## Dataset records:
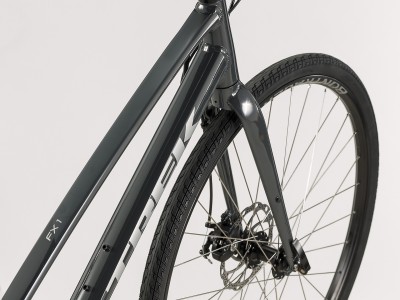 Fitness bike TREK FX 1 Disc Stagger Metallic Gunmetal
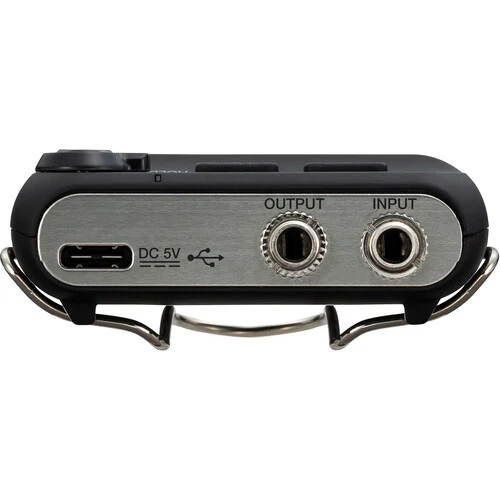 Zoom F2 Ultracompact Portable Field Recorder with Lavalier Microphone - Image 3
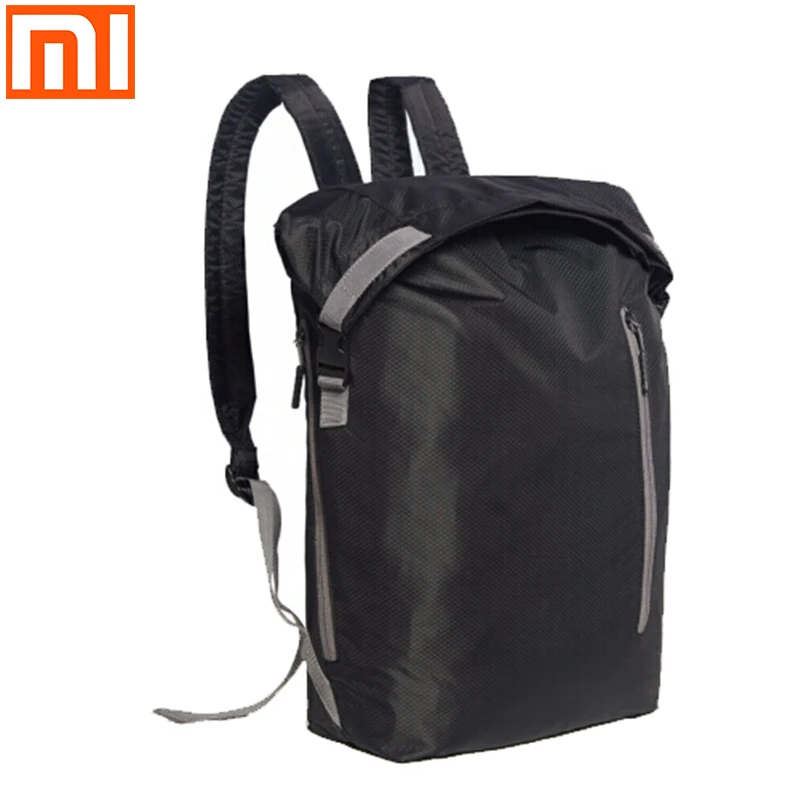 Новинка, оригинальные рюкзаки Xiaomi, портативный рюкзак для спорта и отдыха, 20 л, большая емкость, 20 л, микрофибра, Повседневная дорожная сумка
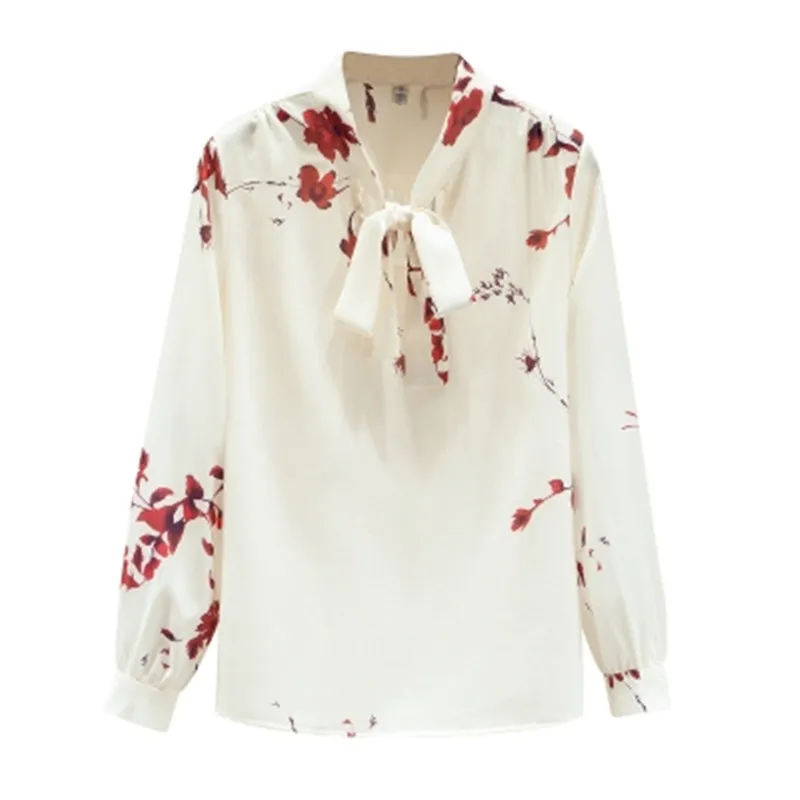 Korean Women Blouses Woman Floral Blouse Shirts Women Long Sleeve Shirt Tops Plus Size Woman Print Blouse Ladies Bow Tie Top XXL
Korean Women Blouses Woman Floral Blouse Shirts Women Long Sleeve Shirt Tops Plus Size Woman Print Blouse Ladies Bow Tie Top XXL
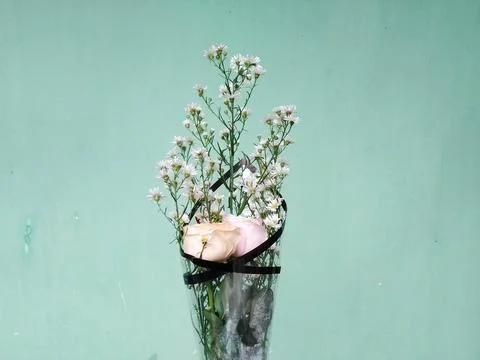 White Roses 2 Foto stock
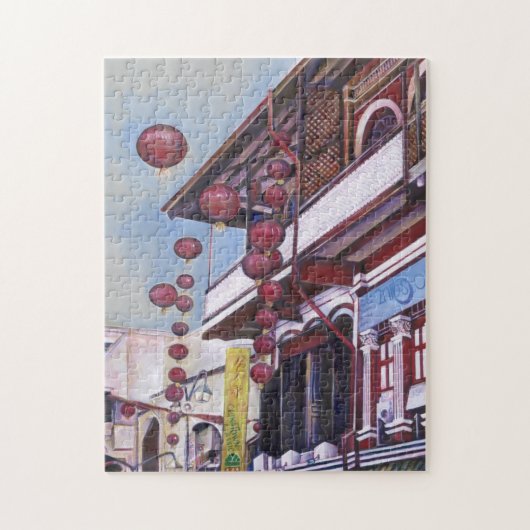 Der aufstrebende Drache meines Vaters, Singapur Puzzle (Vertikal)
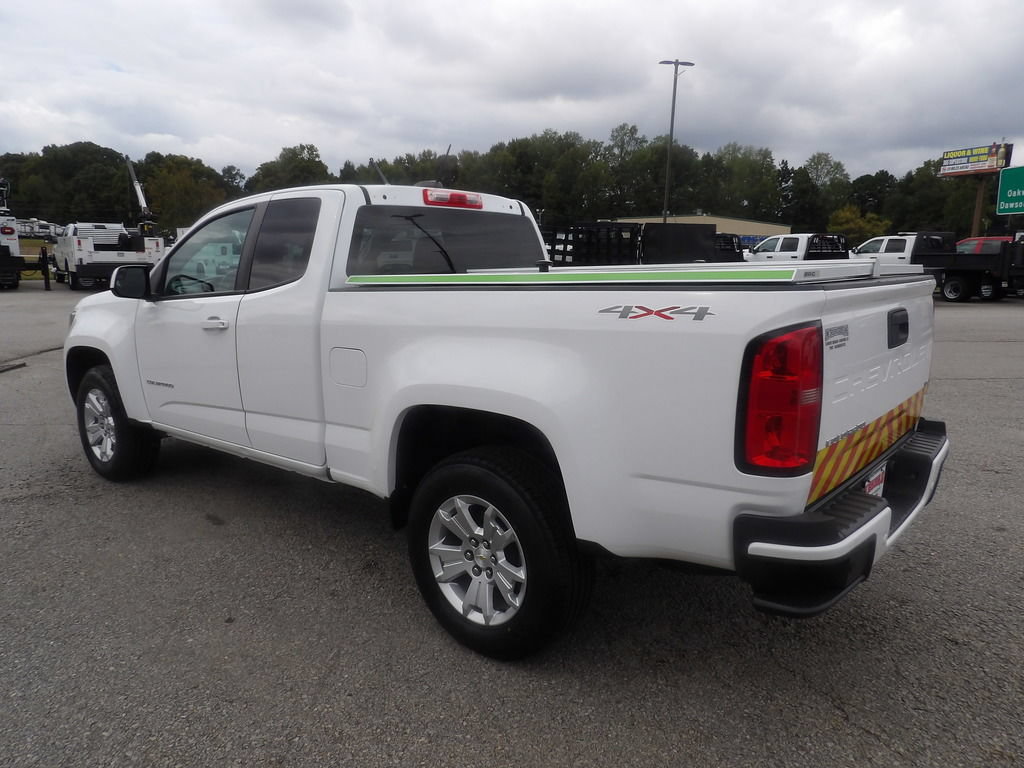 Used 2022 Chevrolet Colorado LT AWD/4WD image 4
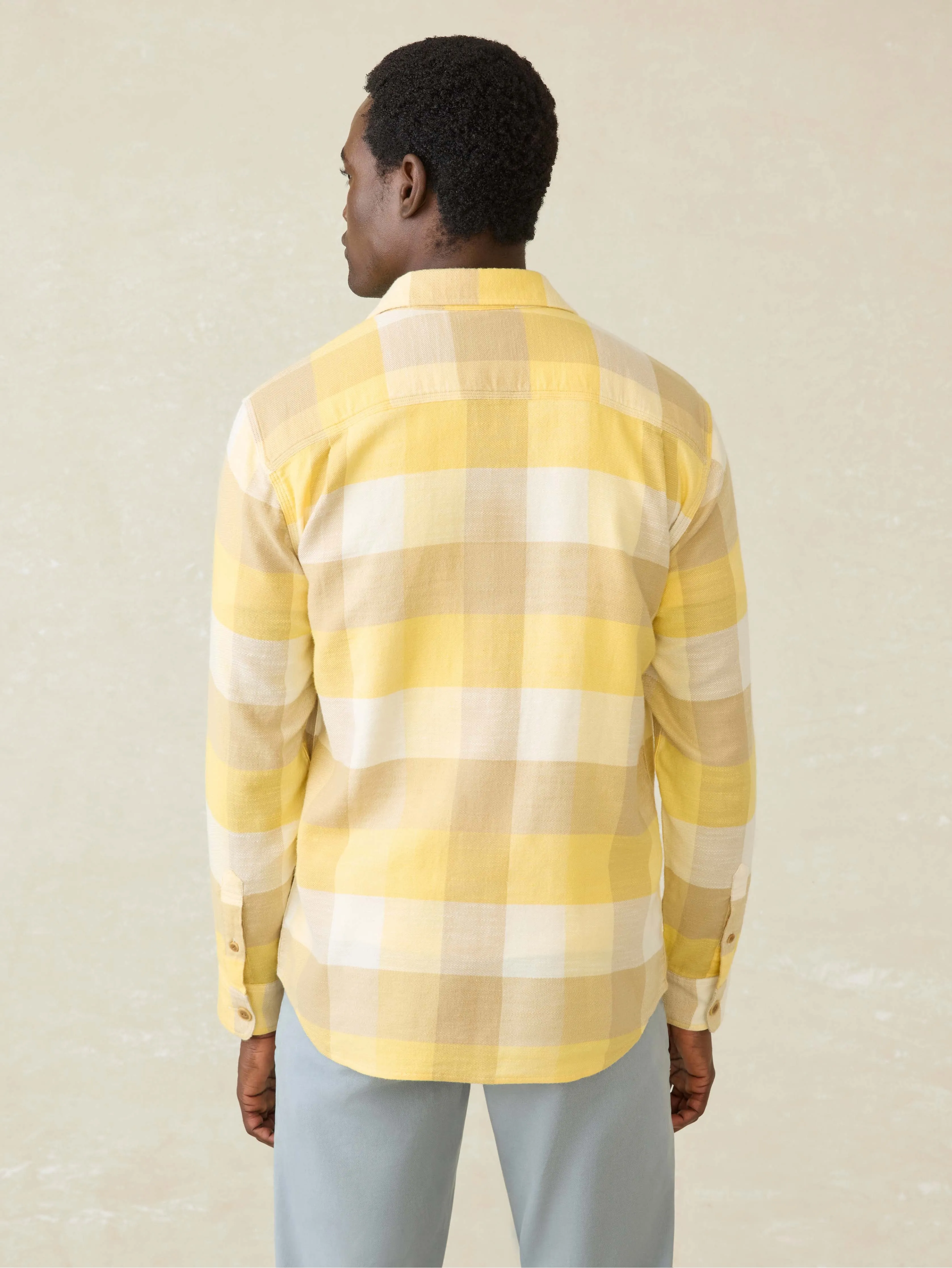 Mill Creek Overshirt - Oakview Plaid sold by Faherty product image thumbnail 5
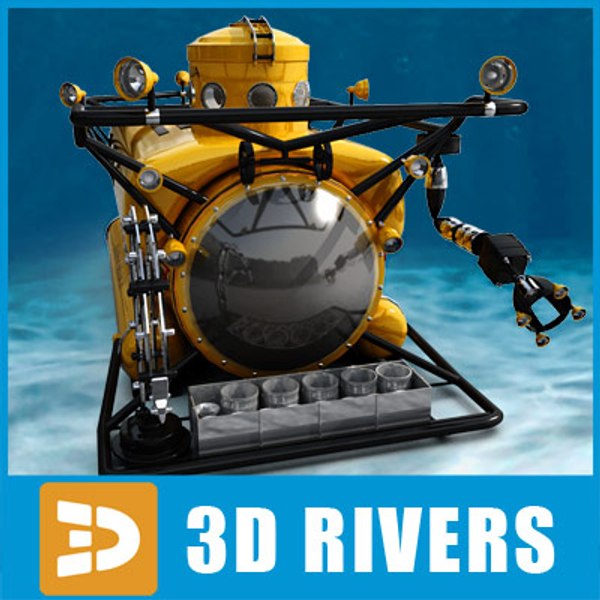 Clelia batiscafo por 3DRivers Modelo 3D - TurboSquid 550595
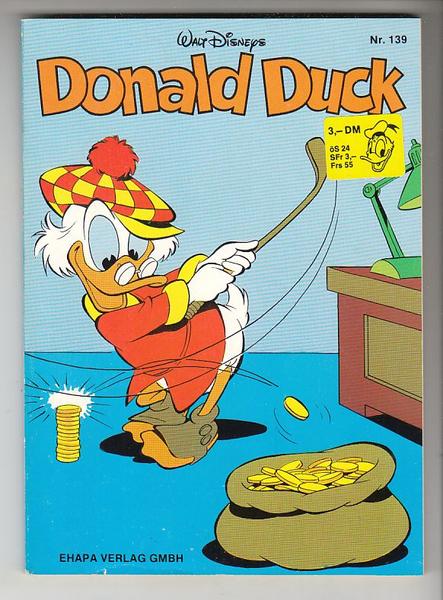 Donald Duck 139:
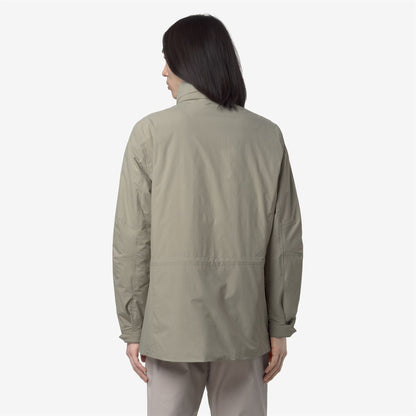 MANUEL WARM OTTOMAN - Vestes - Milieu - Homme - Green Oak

## Goal of the exercise:
Leave every picture out and print exactly the lines from the one that contains "White Roses 2 Foto stock" through the last line of the material above.

## Written answer:
 White Roses 2 Foto stock
 Der aufstrebende Drache meines Vaters, Singapur Puzzle (Vertikal)
 Used 2022 Chevrolet Colorado LT AWD/4WD image 4
 Mill Creek Overshirt - Oakview Plaid sold by Faherty product image thumbnail 5
 Clelia batiscafo por 3DRivers Modelo 3D - TurboSquid 550595
 Donald Duck 139:
 MANUEL WARM OTTOMAN - Vestes - Milieu - Homme - Green Oak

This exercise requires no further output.